-- Opening Marker --

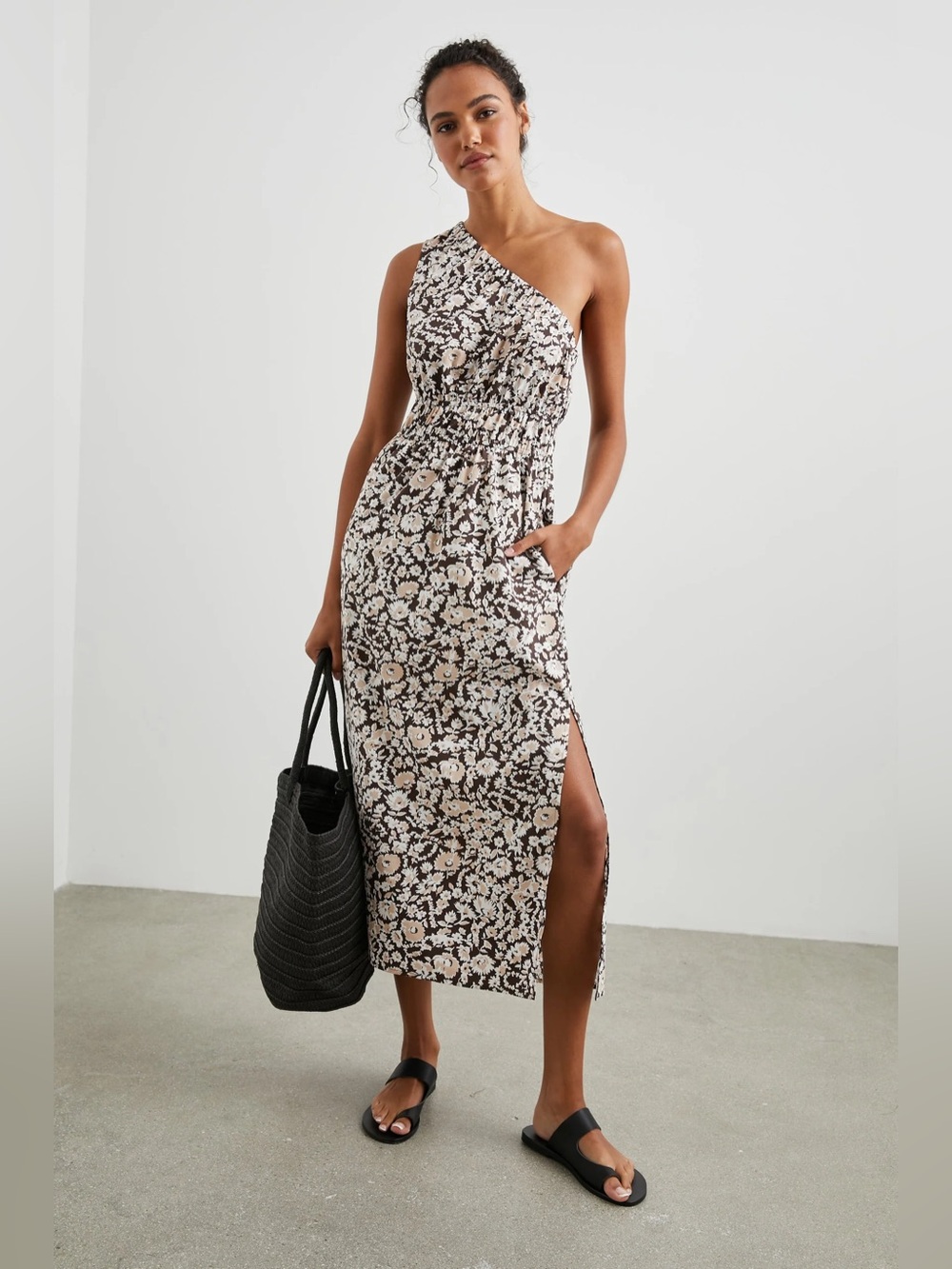 Rails Selani One Shoulder Midi Dress in Brown Russet Floral Size Medium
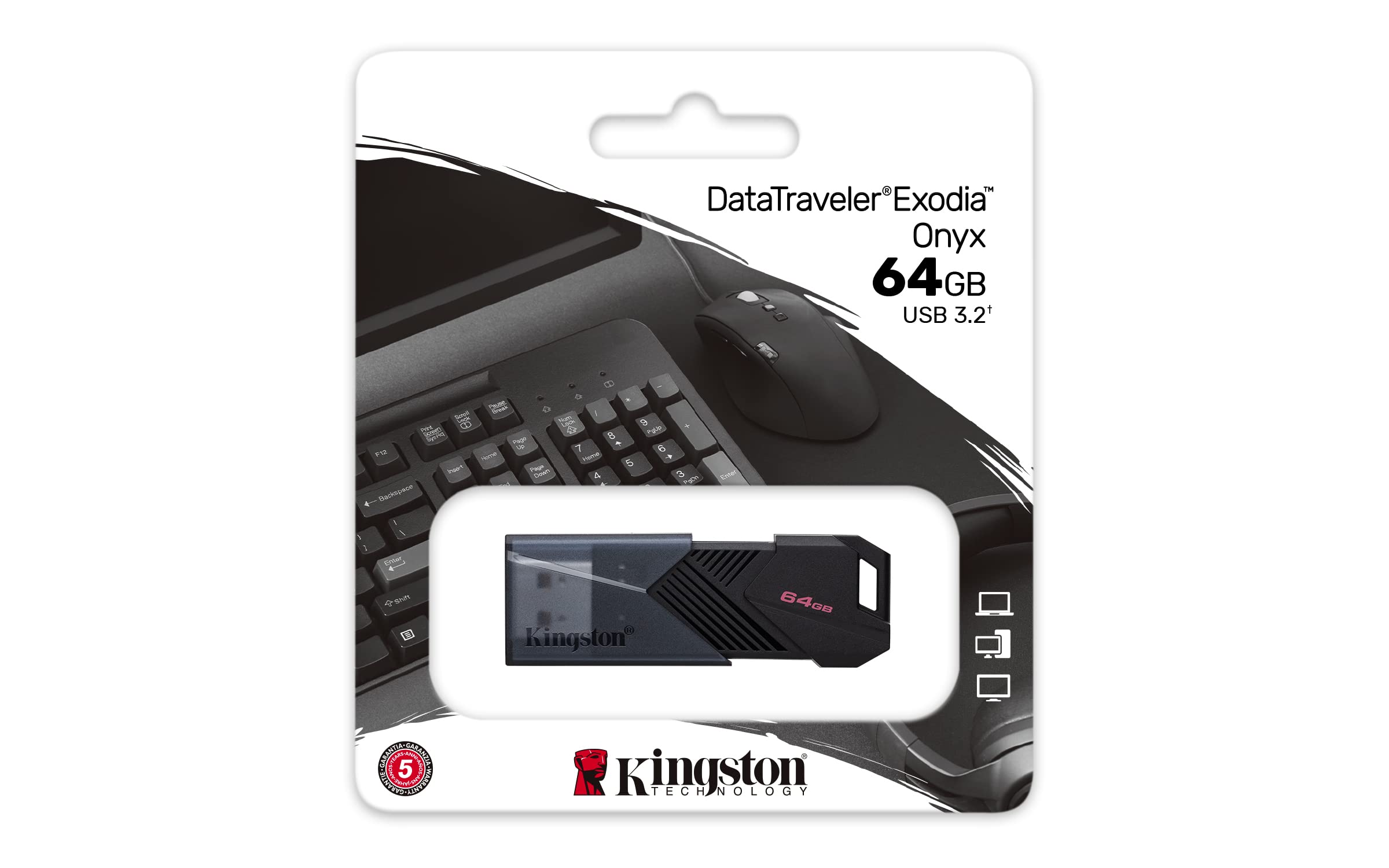 Kingston DataTraveler Exodia Onyx 64GB USB 3.2 Gen 1 Flash Drive with Sleek Moving Cap and Loop (Matte Black)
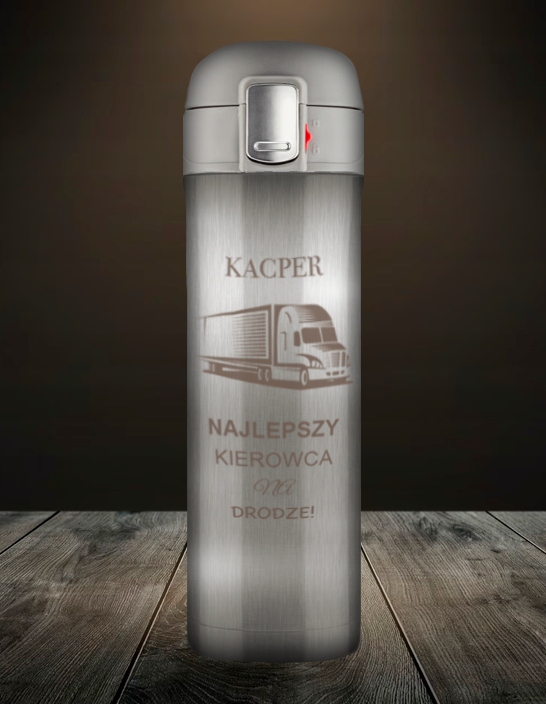 KUBEK TERMICZNY TERMOS NA KAWĘ HERBATĘ DO SAMOCHODU 440 ml PREZENT GRAWER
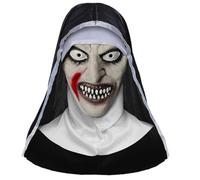 Uqezagpa Suora in lattice con dettaglio del viso a tema terrore, ideale per feste di Halloween, riunioni a tema e appassionati di cosplay, protesi facciali per Halloween, cosplay, suora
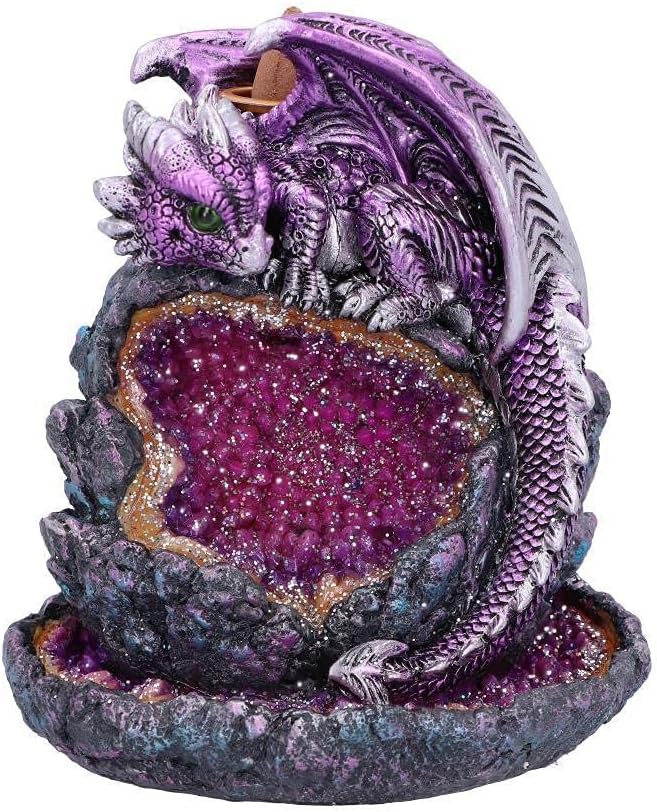 Hand-painted purple dragon curled around a sparkling amethyst-style geode, made as a backflow incense burner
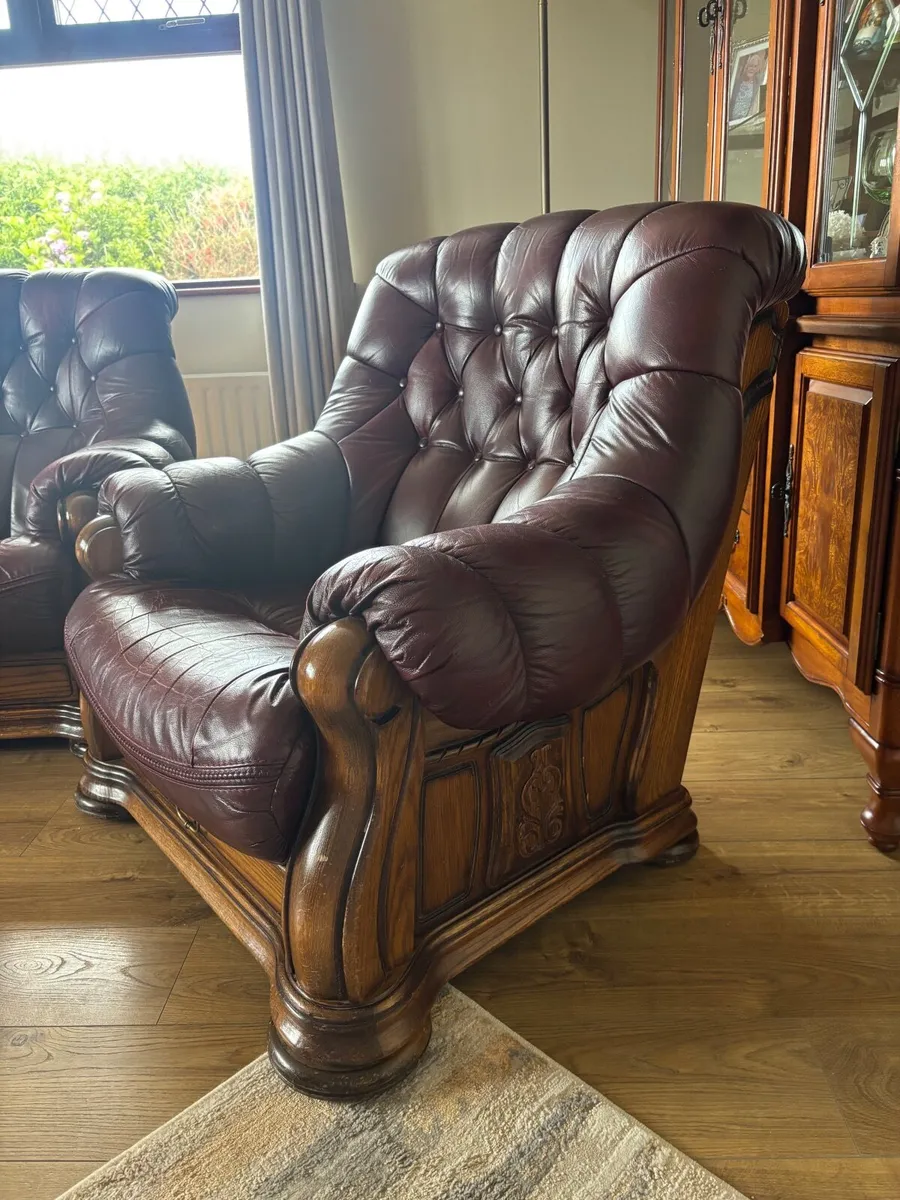 3-Piece Genuine Leather Sofa Suite - Image 3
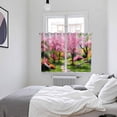 thumbnail image 3 of Nature Pink Green Kitchen Curtains Window Panels, Spring Country Oil Painting Flower Tree Insulated Window Treatment Curtain, Grommet Curtains for Bedroom/Living Room/Bathroom, 2 Piece 52"Wx72"L, 3 of 8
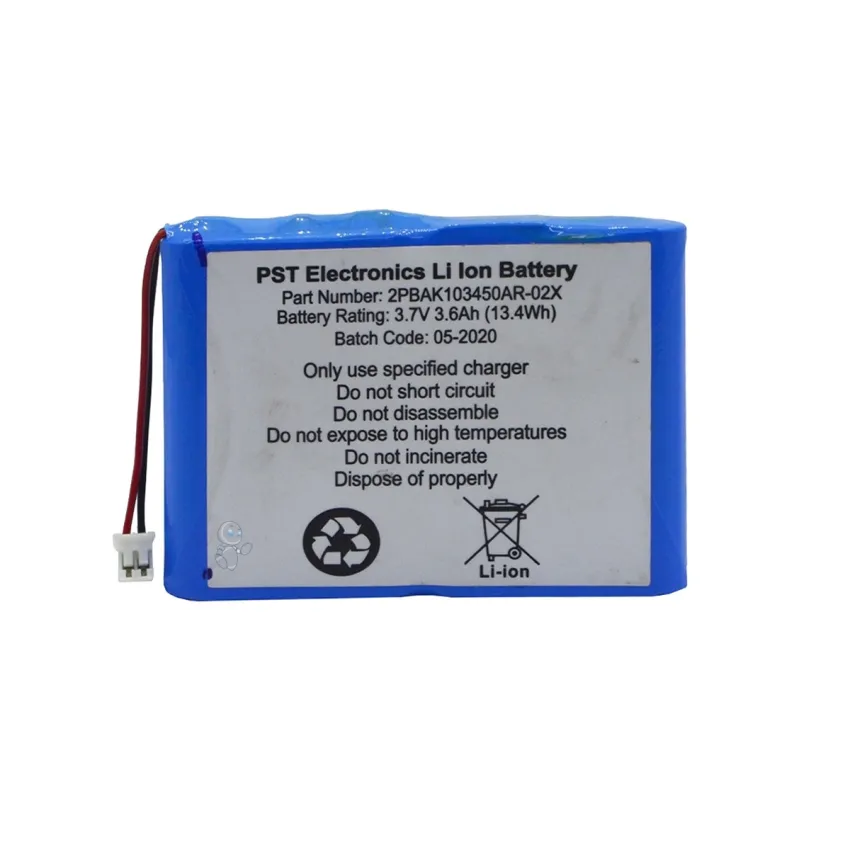 Bateria 3.7v 3.6Ah (13.4Wh) Litio Recarregavel  2PBAK103450AR-02X -  10m x 50m x 67m
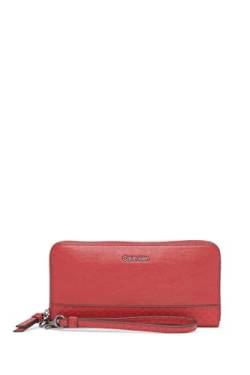 Calvin Klein Damen Key Item Saffiano Continental Zip Around Wallet with Wristlet Strap, rubinrot von Calvin Klein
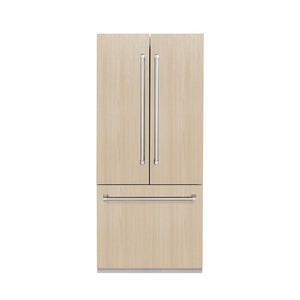 ZLINE 36 in. 19.6 cu. Ft. Panel Ready Built-in 3-Door French Door Refrigerator with Internal Water and Ice Dispenser (RBIV-36) front, with custom panels and handles.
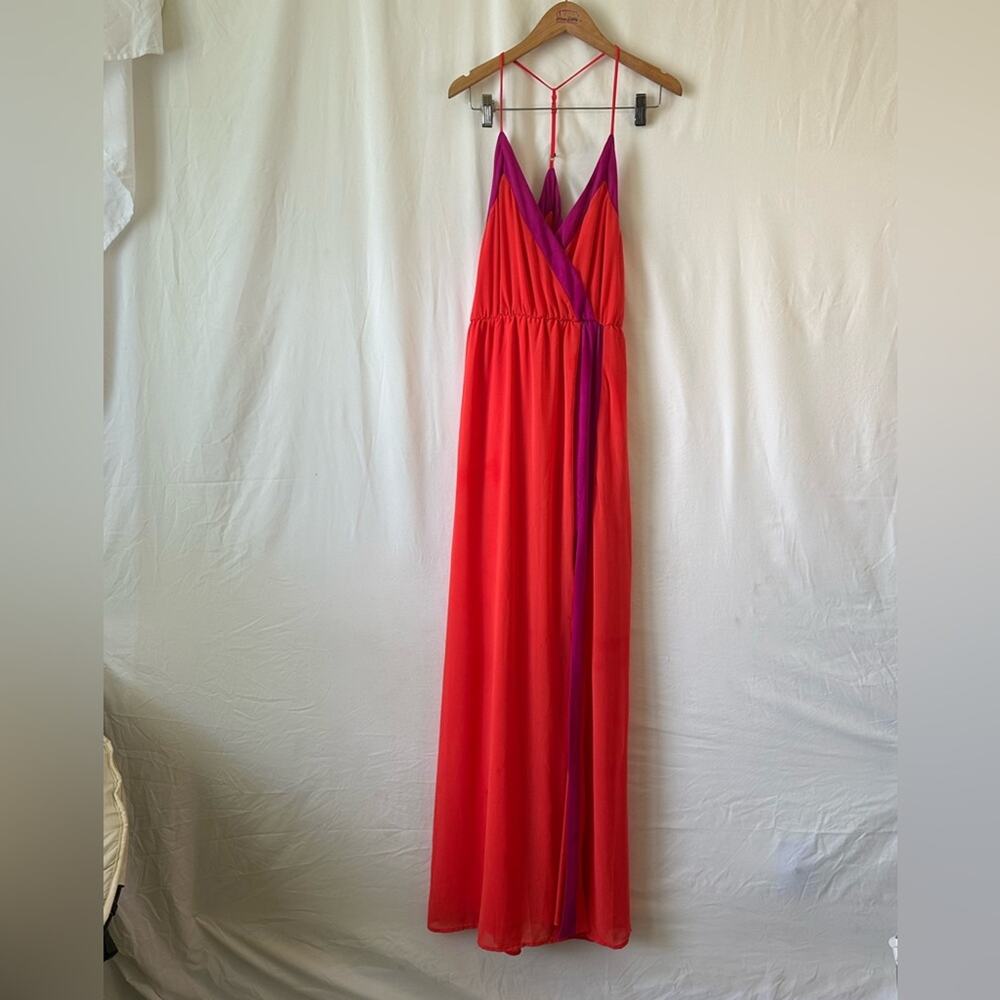Lulu’s Colorblock Red and Magenta Strappy Maxi Dress – Women’s Size 6 - Picture 2 of 4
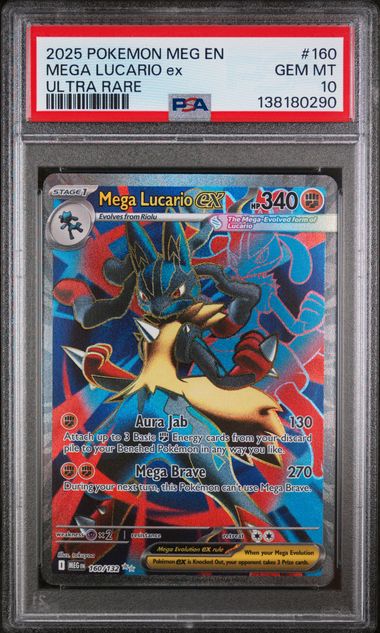 PSA 10 - 2025 POKEMON MEG EN-MEGA EVOLUTION #160 MEGA LUCARIO ex ULTRA RARE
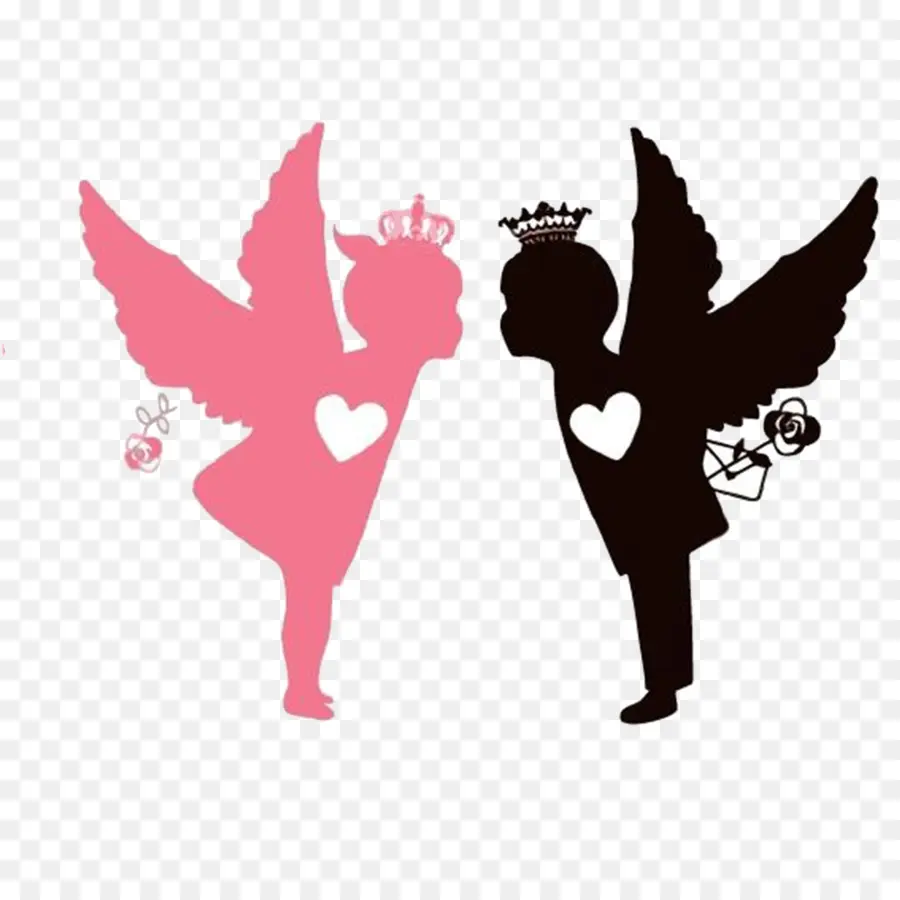 Siluet Cupid，Cinta PNG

-- Closing Marker --

Task description:
Skip the pictures. Restate exactly the lines from the start of the entries through the line containing "3-Piece Genuine Leather Sofa Suite - Image 3", both ends included.

Written reply:
 Rails Selani One Shoulder Midi Dress in Brown Russet Floral Size Medium
 Kingston DataTraveler Exodia Onyx 64GB USB 3.2 Gen 1 Flash Drive with Sleek Moving Cap and Loop (Matte Black)
 KUBEK TERMICZNY TERMOS NA KAWĘ HERBATĘ DO SAMOCHODU 440 ml PREZENT GRAWER
 Uqezagpa Suora in lattice con dettaglio del viso a tema terrore, ideale per feste di Halloween, riunioni a tema e appassionati di cosplay, protesi facciali per Halloween, cosplay, suora
 Hand-painted purple dragon curled around a sparkling amethyst-style geode, made as a backflow incense burner
 3-Piece Genuine Leather Sofa Suite - Image 3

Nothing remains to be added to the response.